### Work instructions
Output every entry verbatim.

- Opening Delimiter -

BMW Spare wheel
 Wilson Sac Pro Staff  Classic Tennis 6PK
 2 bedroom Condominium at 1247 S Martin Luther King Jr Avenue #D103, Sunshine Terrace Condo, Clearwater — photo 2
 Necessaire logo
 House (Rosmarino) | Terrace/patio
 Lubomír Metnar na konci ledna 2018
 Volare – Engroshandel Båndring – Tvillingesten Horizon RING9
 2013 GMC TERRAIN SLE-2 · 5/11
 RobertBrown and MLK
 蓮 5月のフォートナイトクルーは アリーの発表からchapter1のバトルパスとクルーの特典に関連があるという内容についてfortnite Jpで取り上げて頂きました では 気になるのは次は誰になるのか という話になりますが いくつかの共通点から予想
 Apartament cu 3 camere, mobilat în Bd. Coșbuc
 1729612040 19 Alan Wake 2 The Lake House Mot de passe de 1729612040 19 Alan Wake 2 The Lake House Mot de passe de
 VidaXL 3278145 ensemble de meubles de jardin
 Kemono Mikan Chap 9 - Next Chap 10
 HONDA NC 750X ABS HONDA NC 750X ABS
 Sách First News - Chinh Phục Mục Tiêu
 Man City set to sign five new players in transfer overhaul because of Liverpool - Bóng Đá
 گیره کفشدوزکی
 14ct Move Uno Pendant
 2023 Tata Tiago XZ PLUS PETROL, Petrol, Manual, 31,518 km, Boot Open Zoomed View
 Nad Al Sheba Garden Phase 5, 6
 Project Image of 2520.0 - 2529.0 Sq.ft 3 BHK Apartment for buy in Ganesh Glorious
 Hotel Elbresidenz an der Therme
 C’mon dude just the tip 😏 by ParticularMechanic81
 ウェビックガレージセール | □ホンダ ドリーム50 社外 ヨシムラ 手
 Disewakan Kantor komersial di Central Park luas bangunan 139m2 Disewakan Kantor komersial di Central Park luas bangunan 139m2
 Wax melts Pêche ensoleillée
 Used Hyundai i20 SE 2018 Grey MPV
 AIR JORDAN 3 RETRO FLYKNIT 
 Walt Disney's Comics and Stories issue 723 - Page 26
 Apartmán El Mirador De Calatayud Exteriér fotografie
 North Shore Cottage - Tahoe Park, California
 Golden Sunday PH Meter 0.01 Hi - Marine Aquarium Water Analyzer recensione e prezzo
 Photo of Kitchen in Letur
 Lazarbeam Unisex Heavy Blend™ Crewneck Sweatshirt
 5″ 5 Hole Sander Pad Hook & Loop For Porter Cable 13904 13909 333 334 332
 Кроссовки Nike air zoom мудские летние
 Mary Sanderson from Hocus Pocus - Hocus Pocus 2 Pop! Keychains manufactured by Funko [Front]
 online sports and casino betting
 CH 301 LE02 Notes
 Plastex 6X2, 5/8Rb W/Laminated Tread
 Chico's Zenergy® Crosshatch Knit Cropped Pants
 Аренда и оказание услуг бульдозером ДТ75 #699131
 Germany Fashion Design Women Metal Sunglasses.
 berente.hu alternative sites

- Closing Delimiter -

### Response to the task
BMW Spare wheel
 Wilson Sac Pro Staff  Classic Tennis 6PK
 2 bedroom Condominium at 1247 S Martin Luther King Jr Avenue #D103, Sunshine Terrace Condo, Clearwater — photo 2
 Necessaire logo
 House (Rosmarino) | Terrace/patio
 Lubomír Metnar na konci ledna 2018
 Volare – Engroshandel Båndring – Tvillingesten Horizon RING9
 2013 GMC TERRAIN SLE-2 · 5/11
 RobertBrown and MLK
 蓮 5月のフォートナイトクルーは アリーの発表からchapter1のバトルパスとクルーの特典に関連があるという内容についてfortnite Jpで取り上げて頂きました では 気になるのは次は誰になるのか という話になりますが いくつかの共通点から予想
 Apartament cu 3 camere, mobilat în Bd. Coșbuc
 1729612040 19 Alan Wake 2 The Lake House Mot de passe de 1729612040 19 Alan Wake 2 The Lake House Mot de passe de
 VidaXL 3278145 ensemble de meubles de jardin
 Kemono Mikan Chap 9 - Next Chap 10
 HONDA NC 750X ABS HONDA NC 750X ABS
 Sách First News - Chinh Phục Mục Tiêu
 Man City set to sign five new players in transfer overhaul because of Liverpool - Bóng Đá
 گیره کفشدوزکی
 14ct Move Uno Pendant
 2023 Tata Tiago XZ PLUS PETROL, Petrol, Manual, 31,518 km, Boot Open Zoomed View
 Nad Al Sheba Garden Phase 5, 6
 Project Image of 2520.0 - 2529.0 Sq.ft 3 BHK Apartment for buy in Ganesh Glorious
 Hotel Elbresidenz an der Therme
 C’mon dude just the tip 😏 by ParticularMechanic81
 ウェビックガレージセール | □ホンダ ドリーム50 社外 ヨシムラ 手
 Disewakan Kantor komersial di Central Park luas bangunan 139m2 Disewakan Kantor komersial di Central Park luas bangunan 139m2
 Wax melts Pêche ensoleillée
 Used Hyundai i20 SE 2018 Grey MPV
 AIR JORDAN 3 RETRO FLYKNIT 
 Walt Disney's Comics and Stories issue 723 - Page 26
 Apartmán El Mirador De Calatayud Exteriér fotografie
 North Shore Cottage - Tahoe Park, California
 Golden Sunday PH Meter 0.01 Hi - Marine Aquarium Water Analyzer recensione e prezzo
 Photo of Kitchen in Letur
 Lazarbeam Unisex Heavy Blend™ Crewneck Sweatshirt
 5″ 5 Hole Sander Pad Hook & Loop For Porter Cable 13904 13909 333 334 332
 Кроссовки Nike air zoom мудские летние
 Mary Sanderson from Hocus Pocus - Hocus Pocus 2 Pop! Keychains manufactured by Funko [Front]
 online sports and casino betting
 CH 301 LE02 Notes
 Plastex 6X2, 5/8Rb W/Laminated Tread
 Chico's Zenergy® Crosshatch Knit Cropped Pants
 Аренда и оказание услуг бульдозером ДТ75 #699131
 Germany Fashion Design Women Metal Sunglasses.
 berente.hu alternative sites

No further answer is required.